Lith pôde ver que Orion estava dilacerado por dentro e não tinha forças para repetir a ordem uma terceira vez.

“Então estou indo para casa. Supremo Mago Verhen, desligando.” Lith deixou a comunicação aberta, dando a Orion tempo para assentir em concordância e ter a palavra final.

Foi o General do Exército quem encerrou a chamada e conteve o Tiamat. Lith alçou voo, seguindo direto para o gêiser de mana mais próximo. Assim que a torre e Solus recuperassem suas forças, ele se teleportaria de volta para a Floresta Trawn e para o calor de sua casa.

Vila de Lutia, casa de Lith, alguns minutos depois.

Para surpresa de Orion, ele chegou primeiro pelo Portal do celeiro. O exército também não precisava dele, já que fortificar cidades era trabalho para Guardiões e engenheiros, não para Generais.

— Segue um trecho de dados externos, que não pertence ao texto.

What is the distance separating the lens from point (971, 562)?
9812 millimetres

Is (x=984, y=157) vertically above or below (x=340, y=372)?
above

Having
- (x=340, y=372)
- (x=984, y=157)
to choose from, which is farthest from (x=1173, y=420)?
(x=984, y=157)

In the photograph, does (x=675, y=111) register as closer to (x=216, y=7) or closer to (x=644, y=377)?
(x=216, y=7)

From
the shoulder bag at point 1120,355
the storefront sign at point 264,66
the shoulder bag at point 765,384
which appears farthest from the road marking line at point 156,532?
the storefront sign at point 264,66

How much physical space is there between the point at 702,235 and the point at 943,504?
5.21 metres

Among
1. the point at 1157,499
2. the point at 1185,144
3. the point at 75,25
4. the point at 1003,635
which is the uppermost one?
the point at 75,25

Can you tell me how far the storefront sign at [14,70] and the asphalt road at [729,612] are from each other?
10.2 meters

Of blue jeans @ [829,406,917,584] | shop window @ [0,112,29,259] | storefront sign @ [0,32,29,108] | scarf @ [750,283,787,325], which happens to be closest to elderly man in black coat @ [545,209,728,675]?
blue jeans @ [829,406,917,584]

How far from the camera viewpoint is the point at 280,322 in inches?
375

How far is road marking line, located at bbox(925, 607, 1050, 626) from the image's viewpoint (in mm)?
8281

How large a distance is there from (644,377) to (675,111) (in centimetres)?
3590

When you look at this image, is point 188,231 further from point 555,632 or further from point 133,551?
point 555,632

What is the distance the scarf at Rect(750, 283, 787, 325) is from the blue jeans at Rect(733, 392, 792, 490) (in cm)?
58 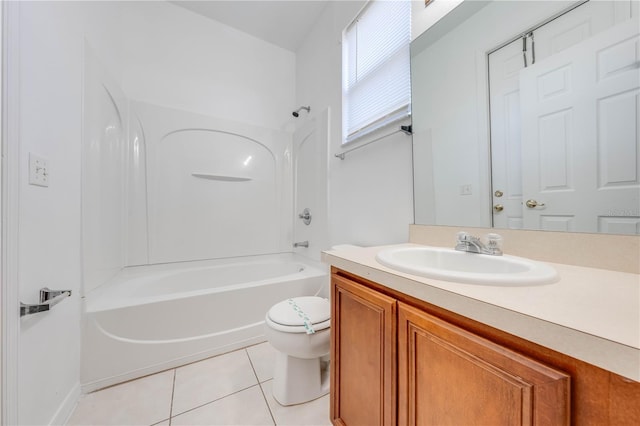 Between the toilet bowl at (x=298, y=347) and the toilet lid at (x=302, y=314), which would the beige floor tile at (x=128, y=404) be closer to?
the toilet bowl at (x=298, y=347)

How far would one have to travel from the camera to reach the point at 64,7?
1.09 m

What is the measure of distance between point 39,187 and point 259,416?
51.9 inches

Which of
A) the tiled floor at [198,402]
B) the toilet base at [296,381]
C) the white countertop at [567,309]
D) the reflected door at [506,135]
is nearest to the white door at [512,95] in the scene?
the reflected door at [506,135]

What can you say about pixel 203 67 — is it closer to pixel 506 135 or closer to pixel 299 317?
pixel 299 317

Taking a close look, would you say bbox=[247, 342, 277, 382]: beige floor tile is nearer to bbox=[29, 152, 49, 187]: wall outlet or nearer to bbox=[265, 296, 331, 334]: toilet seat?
bbox=[265, 296, 331, 334]: toilet seat

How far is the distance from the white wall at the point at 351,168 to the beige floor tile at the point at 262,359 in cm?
88

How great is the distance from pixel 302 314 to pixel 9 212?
3.63ft

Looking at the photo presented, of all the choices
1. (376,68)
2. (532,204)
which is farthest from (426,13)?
(532,204)

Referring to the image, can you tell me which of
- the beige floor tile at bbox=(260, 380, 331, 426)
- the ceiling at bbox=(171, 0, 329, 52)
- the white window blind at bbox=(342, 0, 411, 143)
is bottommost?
the beige floor tile at bbox=(260, 380, 331, 426)

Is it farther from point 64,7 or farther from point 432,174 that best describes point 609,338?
point 64,7

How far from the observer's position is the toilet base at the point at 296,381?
45.1 inches

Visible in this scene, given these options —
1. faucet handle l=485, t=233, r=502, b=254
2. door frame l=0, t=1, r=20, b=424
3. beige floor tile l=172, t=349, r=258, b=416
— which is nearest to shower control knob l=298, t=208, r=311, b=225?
beige floor tile l=172, t=349, r=258, b=416

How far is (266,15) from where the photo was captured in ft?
6.97

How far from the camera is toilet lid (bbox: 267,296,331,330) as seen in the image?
43.5 inches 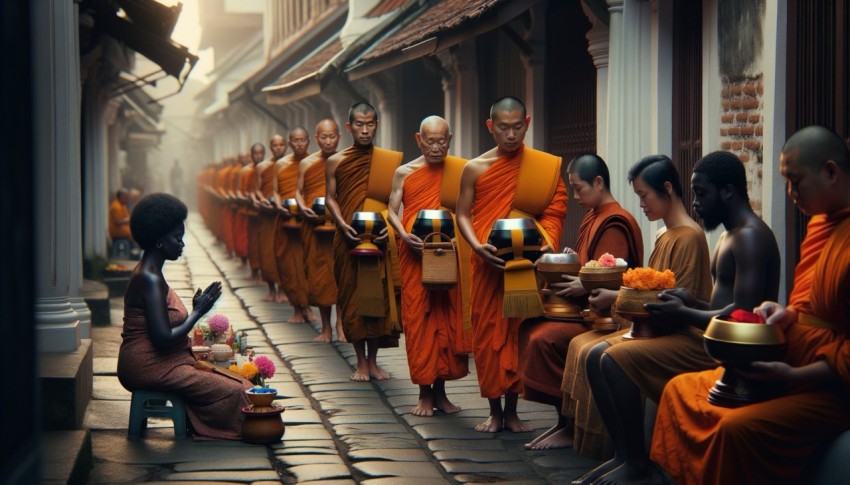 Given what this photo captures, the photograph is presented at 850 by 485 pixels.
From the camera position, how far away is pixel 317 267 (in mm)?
11953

Orion havia ido a Lutia em vez da mansão Ernas porque toda a sua família estava lá. Jirni era uma Arconte e uma humana comum, não havia lugar para ela no campo de batalha.

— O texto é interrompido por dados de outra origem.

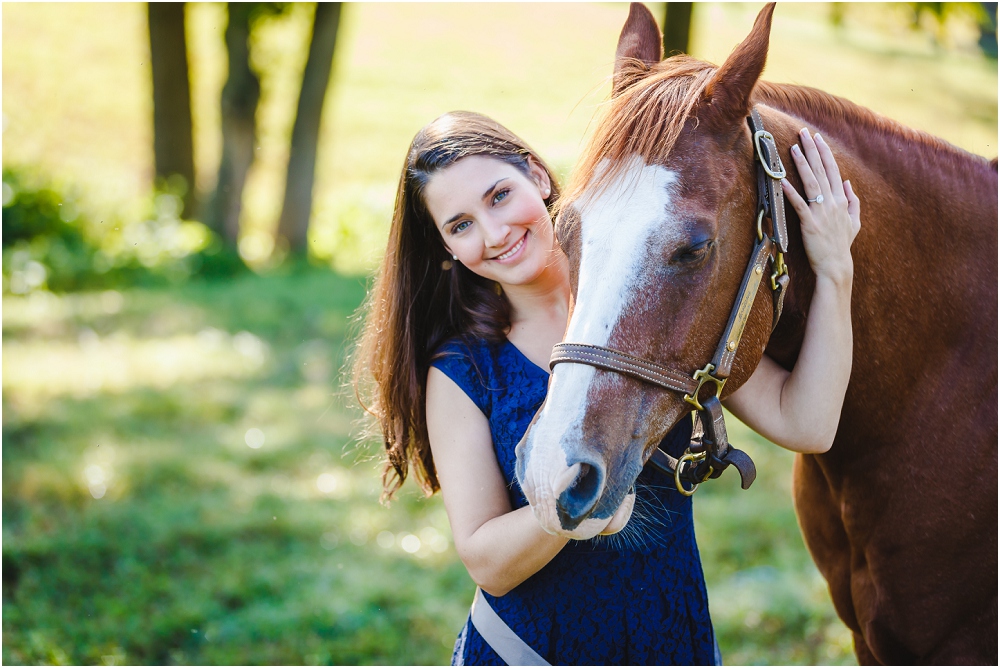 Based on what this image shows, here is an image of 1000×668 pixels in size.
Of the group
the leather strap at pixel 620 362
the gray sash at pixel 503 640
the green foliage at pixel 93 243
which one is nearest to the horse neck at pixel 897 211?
the leather strap at pixel 620 362

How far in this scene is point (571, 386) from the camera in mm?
1519

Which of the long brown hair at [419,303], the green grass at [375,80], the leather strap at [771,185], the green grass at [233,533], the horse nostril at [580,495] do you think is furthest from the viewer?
the green grass at [375,80]

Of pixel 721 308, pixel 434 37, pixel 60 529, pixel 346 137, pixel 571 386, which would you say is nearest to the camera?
pixel 571 386

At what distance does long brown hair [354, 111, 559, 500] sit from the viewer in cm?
210

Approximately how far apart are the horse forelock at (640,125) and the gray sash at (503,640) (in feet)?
3.64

Como não podia lutar pela filha, Jirni havia se mudado para a casa dos Verhen para assistir às batalhas junto deles. Podia apenas torcer, mas ainda assim era melhor do que nada.

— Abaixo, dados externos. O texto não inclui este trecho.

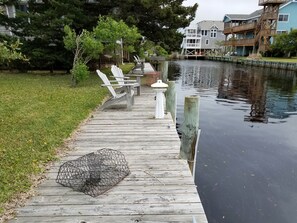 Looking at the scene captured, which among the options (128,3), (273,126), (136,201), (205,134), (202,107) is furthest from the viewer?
(128,3)

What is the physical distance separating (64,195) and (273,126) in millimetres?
8228

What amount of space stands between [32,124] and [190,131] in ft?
12.4

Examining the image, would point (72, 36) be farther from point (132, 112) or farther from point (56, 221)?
point (56, 221)

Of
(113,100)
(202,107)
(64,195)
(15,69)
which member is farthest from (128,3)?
(64,195)

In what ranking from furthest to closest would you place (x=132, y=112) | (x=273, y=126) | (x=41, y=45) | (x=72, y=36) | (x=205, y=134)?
(x=41, y=45) → (x=72, y=36) → (x=273, y=126) → (x=205, y=134) → (x=132, y=112)

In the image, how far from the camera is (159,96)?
258 inches

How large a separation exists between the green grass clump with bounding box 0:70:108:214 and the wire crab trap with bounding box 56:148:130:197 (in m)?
0.47

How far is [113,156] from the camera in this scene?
14.4ft

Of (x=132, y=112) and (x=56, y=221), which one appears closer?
(x=56, y=221)

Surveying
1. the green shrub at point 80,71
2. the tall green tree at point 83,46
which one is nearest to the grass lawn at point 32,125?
the green shrub at point 80,71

Friya, Quylla, Tulion e Gunyin também estavam lá para apoiar os pais em sua hora mais sombria.

“Deuses, ainda não consigo acreditar no que acabei de ver.” Quylla ainda estava pálida com o massacre que testemunhara.

Ela nunca tinha ido à guerra e, até aquele momento, a maioria das batalhas envolvia apenas combatentes armados, não civis.

“Eu também. Parar o ataque depois de apenas meio dia é um ultraje.” Disse Jirni com um suspiro. “Ainda assim, seu pai tomou a decisão certa. Avançar mais teria sido apenas assassinato sem sentido.”

Elina e Rena estavam no quarto das crianças, garantindo que não vissem nem ouvissem nada. Raaz, por sua vez, estava na sala de estar com os outros, assistindo às imagens projetadas ao vivo pelo amuleto de Jirni.

‘Deuses, o que foi que eu fiz? Vendi a alma do meu filho só para recuperar minha vida antiga? Nunca vi Lith lutar assim… Aliás, nunca o vi lutar de verdade. Se eu não soubesse que ele é meu filho, estaria me borrando de medo.’ As mãos de Raaz continuavam a atormentar seu pescoço e sua barba em frustração.

Ele adoraria cair de joelhos e rezar à Grande Mãe por orientação, mas Tyris estava bem ali na cozinha preparando o jantar. Em vez de se fazer de ridículo, era melhor simplesmente ir e falar com ela.

“Não se preocupe, Jirni.” Zinya também estava lá para fazer companhia a Kamila.

“Você viu o quão forte Lith é. Tenho certeza de que ele trará sua filha para casa sã e salva.”

Durante a ausência de Kamila, Lady Ernas havia protegido Zinya, assim como tinha sido o muro de Kamila quando esta retomara seu trabalho como Inspetora. Nos meses que passaram juntas na Corte Real, Jirni e Zinya haviam se tornado íntimas o suficiente para dispensar formalidades e tratar-se pelo primeiro nome.

“Deuses sabem o quanto espero que você esteja certa.” Apenas quando Orion se sentou ao lado dela e segurou suas mãos entre as suas, Jirni afrouxou os punhos, revelando as palmas sangrando.

Seu marido limpou os ferimentos e os curou até que as marcas das unhas desaparecessem. Por seu trabalho como Arconte, Jirni mantinha as mãos cuidadas, mas as unhas eram curtas para não atrapalhar e as palmas calejadas pelo treino.

Apesar de tudo, ainda conseguira se ferir pelo estresse.

Kamila estava sentada ao lado, sem saber o que dizer.